BUG: numba backend Blockwise.Vectorize shape check regression in 3.0.4 for Join with shape (1,) declared inputs that are scalar at runtime

### Describe the issue

`pytensor 3.0.4` raises `ValueError: Vectorized input N is expected to have shape 1 in axis N` (from `pytensor/link/numba/dispatch/vectorize_codegen.py`, surfaced via `pytensor/link/basic.py:682`) on a `Join(axis=0, ...)` whose inputs are *declared* `TensorType(float64, shape=(1,))` but receive runtime values of shape `()`.

The same graph compiles and runs cleanly under:
- pytensor **3.0.3** + numba linker
- pytensor 3.0.4 + cvm linker

The error string itself exists in both 3.0.3 and 3.0.4, but the 3.0.4 refactor of `vectorize_codegen.py` (e.g. pymc-devs/pytensor#2015 fusing `AdvancedSubtensor → Elemwise → AdvancedIncSubtensor` and rewriting the `_vectorized` intrinsic) routes this graph through the strict shape check that 3.0.3 silently tolerated.

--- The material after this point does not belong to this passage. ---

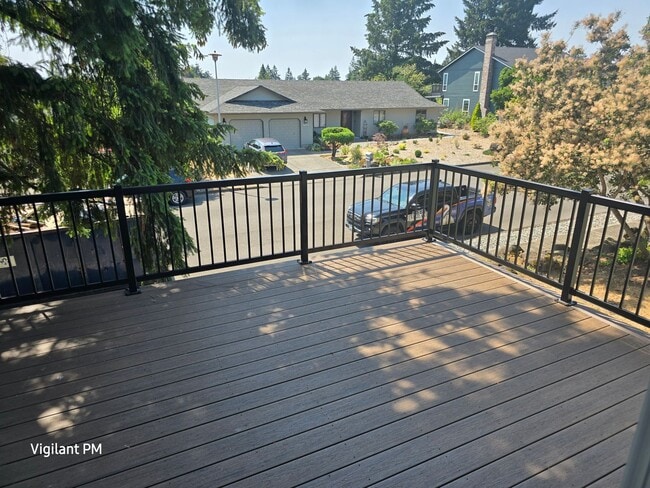 Building Photo - Amazing 3 bedroom home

The graph is produced by `pymc 6.0.1`'s `compile_dlogp` for an ordinal-family (`cumulative`, `sratio`) bambi model. The mismatch originates in pymc's gradient routine: the `Normal` slope for a scalar common term has its gradient declared `TensorType(float64, shape=(1,))` but the gradient evaluates to a 0-d scalar `array(0.)` at runtime.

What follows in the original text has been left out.